I stuck it out longer than I might otherwise have, only because of my roommate. That is really the part that feels like “I was meant to cross paths with this person here, we were meant to help eachother through this”. She is 23, and that in combination with how similar we are, brought out a protectivness I kept having to reign in. By navigating how to best support her while still prioritizing my own healing, I could not help but have more compassion and understanding for myself. It was also funny to, for the first time in my life, be the older person in that dynamic. “Oh fuck, yeah, we are starting to get lessons from the universe about stepping into the role of mature advice giver, while learning just as much from that person listening to me.” I’M OLD, every person in their mid 30s screams at least 5 times a day.

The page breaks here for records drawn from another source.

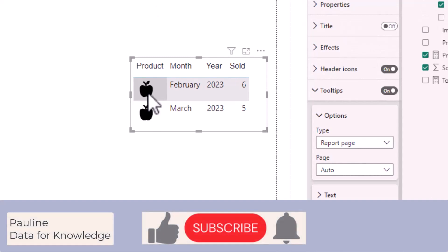I hope you found this video helpful. If you did, please give it a thumbs up. And if you would like to hear more from me, please click the subscribe button. Thanks for watching.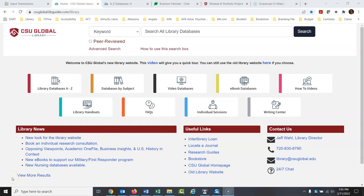Hi everybody. Today we are going to talk about how to refine your topic — how to decide on a topic to write your paper about. You have some ideas about what you want to write about, but you need to make that more specific. So how do you do that?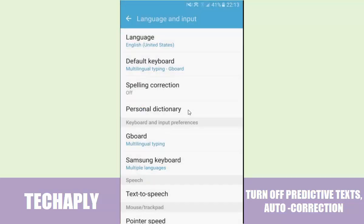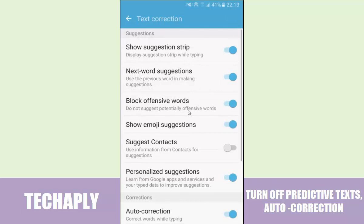Tap on the Gboard options. You'll see the text correction option here, which is auto correction and stuff like that, suggestions for the next word. So here are the few things that you need to turn off — show suggestion strip. Turn that off. Notice that the next word suggestion will be turned off as well.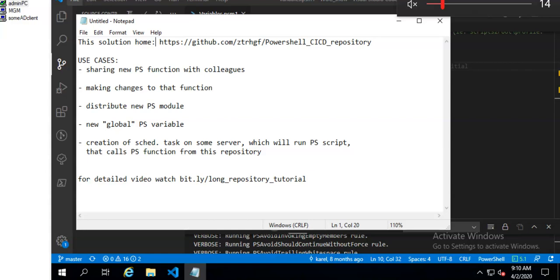Hi, I'm Andrew and I will now show you some of the features that my free CICD-like solution for managing PowerShell content in Active Directory offers. So you can have some functions, modules and variables on all your clients in a fully automated way.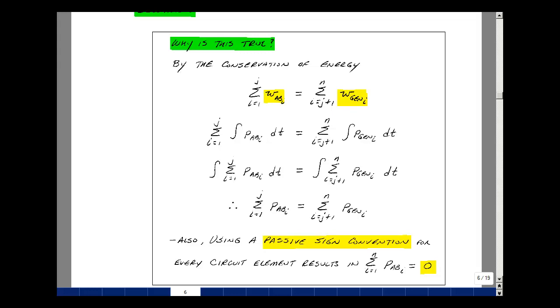Compared to these two equations, this term here must equal this term here, just by association, or you could differentiate both sides with respect to dt. But that's our theorem — the summation of the absorbed power equals the summation of the generated power.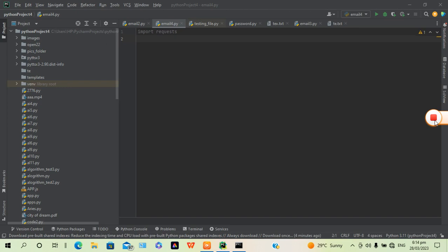Hello everyone, welcome to Python Codex. Today we want to go over web scraping and how to copy text from a website. We're going to be importing two main modules.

And yet, there was a point on the third night when my body decided I was Done. It would not let me sit in this constant terror and nervous system overload anymore. I became a person I do not recognize. As I talked to the staff and coordinators, I kept 100% consitant. “I am leaving today. Direct me throught the process.” There was no, “I want to leave” or “I think I should leave”, just: “If you do not physically prevent me, I am leaving today. I know I have the power to make that decision for myself in this situation. Do not waste my time.” I would fully listen to their perspective, mirror it back to show that I understood and thought about all of it. I’d patiently explain my experience to any degree of detail they asked for. They would not get a single shread of evidence to call me obstinent. “So tommorow we will do your labs, and readjust your meds…” “Well, I will be leaving today. That will not happen.” It was funny when I finally spoke on the phone to the clinical director, and she clocked almost immediately where I was at. I couldn’t totally get a read on how she took it, there was muted frustration in the tone, dissapointment in me perhaps. The call was less than 5 minutes, and I was out the door an hour or two later.

Who the fuck was that? Robyn? It’s almost unsettling to level up so fast you don’t even recognize yourself. It was counterbalanced by a very Robyn thing — I wrote short letters to all the patients and staff I interacted with. In all of them was a specific reference to something we talked about, or they mentioned was important to them, and what part of my life that helped me view differently. I pointed out at least one exceptional quality, and how that would propel them forward in the future. Ofc ofc, I also put on a few stickers that matched their specific vibe. As I was up at 2am writing them, I stopped to reflect: is this my usual fawning over-giving? Maybe. In the moment, it was helping me process my experience. I wanted to reaffirm that there was one insane blessing in this otherwise torturous hell – the people.



I feel genuinely so refreshed and clear headed. Higher perspective achieved. I was also immediately back on my bullshit when I got home, but the good bullshit, I think.